**WHAT YOU SHOULD DO:**
Give the records again exactly, with every character kept.

(Records contained in a dataset)

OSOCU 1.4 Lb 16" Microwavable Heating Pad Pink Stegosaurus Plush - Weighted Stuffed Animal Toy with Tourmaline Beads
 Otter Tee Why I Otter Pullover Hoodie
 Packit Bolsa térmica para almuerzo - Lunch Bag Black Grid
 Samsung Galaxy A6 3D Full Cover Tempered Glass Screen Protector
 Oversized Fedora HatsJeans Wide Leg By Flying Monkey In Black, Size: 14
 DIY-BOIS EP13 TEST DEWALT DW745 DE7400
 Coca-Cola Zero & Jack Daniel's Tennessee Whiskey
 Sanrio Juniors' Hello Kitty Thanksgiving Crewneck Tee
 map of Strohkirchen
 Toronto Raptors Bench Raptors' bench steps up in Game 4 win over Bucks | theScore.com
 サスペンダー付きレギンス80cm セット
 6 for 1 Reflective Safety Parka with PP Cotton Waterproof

**ANSWER FOR THE TASK:**
OSOCU 1.4 Lb 16" Microwavable Heating Pad Pink Stegosaurus Plush - Weighted Stuffed Animal Toy with Tourmaline Beads
 Otter Tee Why I Otter Pullover Hoodie
 Packit Bolsa térmica para almuerzo - Lunch Bag Black Grid
 Samsung Galaxy A6 3D Full Cover Tempered Glass Screen Protector
 Oversized Fedora HatsJeans Wide Leg By Flying Monkey In Black, Size: 14
 DIY-BOIS EP13 TEST DEWALT DW745 DE7400
 Coca-Cola Zero & Jack Daniel's Tennessee Whiskey
 Sanrio Juniors' Hello Kitty Thanksgiving Crewneck Tee
 map of Strohkirchen
 Toronto Raptors Bench Raptors' bench steps up in Game 4 win over Bucks | theScore.com
 サスペンダー付きレギンス80cm セット
 6 for 1 Reflective Safety Parka with PP Cotton Waterproof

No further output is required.